On the surface The Thing handles not too divergently from every early PS2 action-horror, in that none of the actions you perform seem to have any weight behind them. The controls are clunky and general handling is entirely tedious. It’s one of those games where you can’t even be arsed to try and survive because the gameplay lacks the necessary tactile feedback to make the experience feel fraught and perched on the precipice of life and death. I’m reminded of an old tactical third-person shooter series called Conflict. That series also felt you were trying to control soldiers who were undergoing an out of body experience. The Thing shares another similarity with Conflict in that it’s loosely squad based.

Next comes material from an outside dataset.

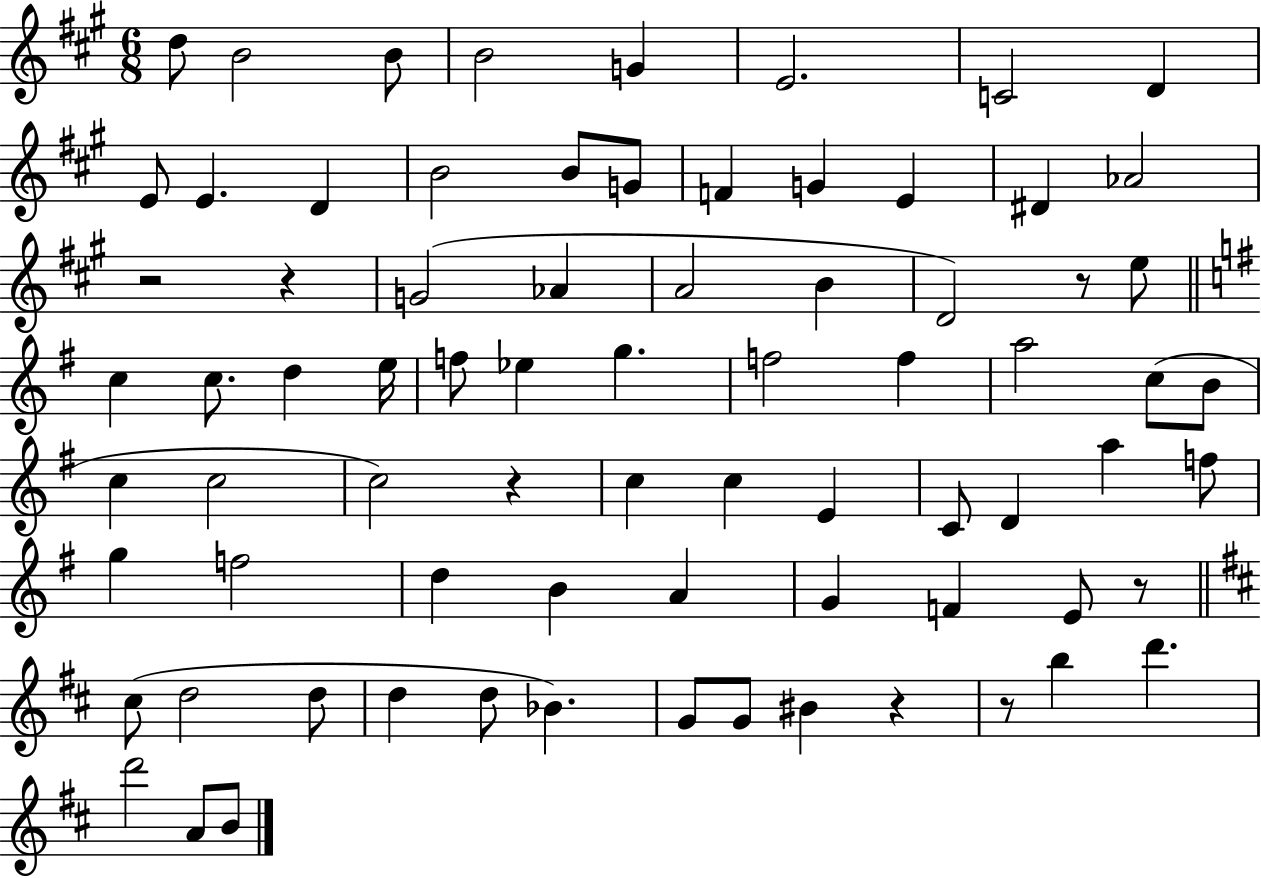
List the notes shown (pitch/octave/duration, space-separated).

D5/e B4/h B4/e B4/h G4/q E4/h. C4/h D4/q E4/e E4/q. D4/q B4/h B4/e G4/e F4/q G4/q E4/q D#4/q Ab4/h R/h R/q G4/h Ab4/q A4/h B4/q D4/h R/e E5/e C5/q C5/e. D5/q E5/s F5/e Eb5/q G5/q. F5/h F5/q A5/h C5/e B4/e C5/q C5/h C5/h R/q C5/q C5/q E4/q C4/e D4/q A5/q F5/e G5/q F5/h D5/q B4/q A4/q G4/q F4/q E4/e R/e C#5/e D5/h D5/e D5/q D5/e Bb4/q. G4/e G4/e BIS4/q R/q R/e B5/q D6/q. D6/h A4/e B4/e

A concept that’s usually as compatible with tense survival horror as the Conservative Party is with the NHS. You still have to do all the work, of course, but you get to issue limited commands. It's similar to when you get a pseudo promotion at work which means you're still a low-earning bottom feeder but now have twice the responsibility. 

In The Thing, however, the squad mechanics are the primary source of horror. Discounting the wonderfully grotesque bosses, the parasitic monsters in The Thing aren’t really that great.
One problem with this game lies in the sheer number of high-powered weaponry it throws at you. The whole point in the film was that all they had was tools, explosives for mining, and a rule-of-cool flame-thrower. The monsters here are easily dispatched and worse, owing to the age of the game, they're rather bland and uninspired - like a Nickelback album post-Silver Side Up. Sure, they're oddly proportioned, with elongated limbs and body parts in odd places, but what wasn't on the early days of the PS2? There are some decent designs, such as the crab-person Thing that's blended with a dog. But nothing really captures the disgustingly visceral in a way the original film or Half Life's Head Crab zombie-mutants did. 

The game’s trust and fear systems for its NPCs is what ratchets up the tension, emulating the nail-biting paranoia of the film - which saw colleague turn against colleague in a Darwinian bid to survive. The idea is that, over time, your team members eventually become suspicious of each other and yourself, suspecting you to secretly be a twisted alien parasite. We've all been there after a few. The same can be said of them, as the game periodically infects your team members. There’s no real way of telling whether a team mate is infected or not. MacReady's blood testing device used in film (which causes infected blood to shoot into the air as though it’s just seen a large spider) puts in an appearance. Except the game is so poorly made this mechanic doesn’t work properly, meaning there really is no way of knowing who is just having a breakdown or who is about to betray and infect you. It’s like the dating scene in 2016.